Lo que ambos bandos no entienden es la relación simbiótica entre la corrupción y el desempeño en el sistema político ferozmente competitivo de China. Para las élites políticas cuya retribución formal es baja, el favoritismo no solo financia el consumo suntuoso, sino que también ayuda a impulsar sus carreras. Los amigotes ricos donan para obras públicas, movilizan redes empresariales para invertir en planes de construcción estatales y ayudan a los políticos a completar sus proyectos insignia, lo que mejora tanto la imagen física de una ciudad como la trayectoria del líder.
Como un juego del topo gigante, la cruzada de Xi contra la corrupción se ha cobrado una cantidad pasmosa de funcionarios, y todavía sigue en curso.

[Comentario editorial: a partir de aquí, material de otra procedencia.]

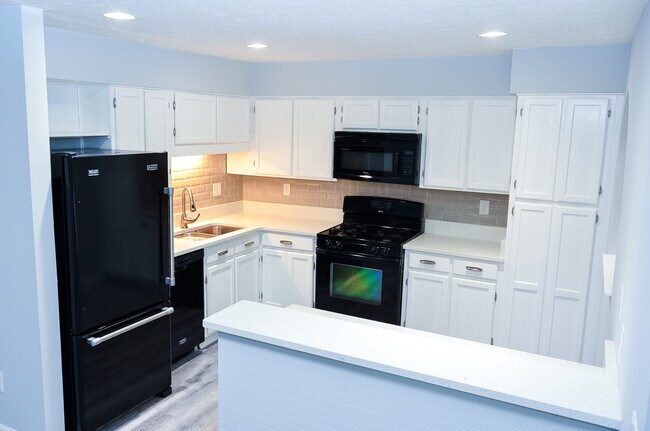 Building Photo - 507 Parkaire Crossing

Pero la campaña ignora una realidad crucial: el desempeño de los políticos depende de patrocinios de amigotes corporativos y de clientelismo político. Por otra parte, la oleada de arrestos redujo el poder del Estado sobre la economía, que es la causa original de la corrupción. Por el contrario, Xi ha aumentado la intervención estatal a un nivel no visto en años.
Las paradojas definen la economía política de China. China está gobernada por un partido comunista y al mismo tiempo es capitalista. El régimen tiene una meritocracia y al mismo tiempo es corrupto. Entender a China exige que comprendamos estas aparentes contradicciones, que persistirán bien entrada la próxima década.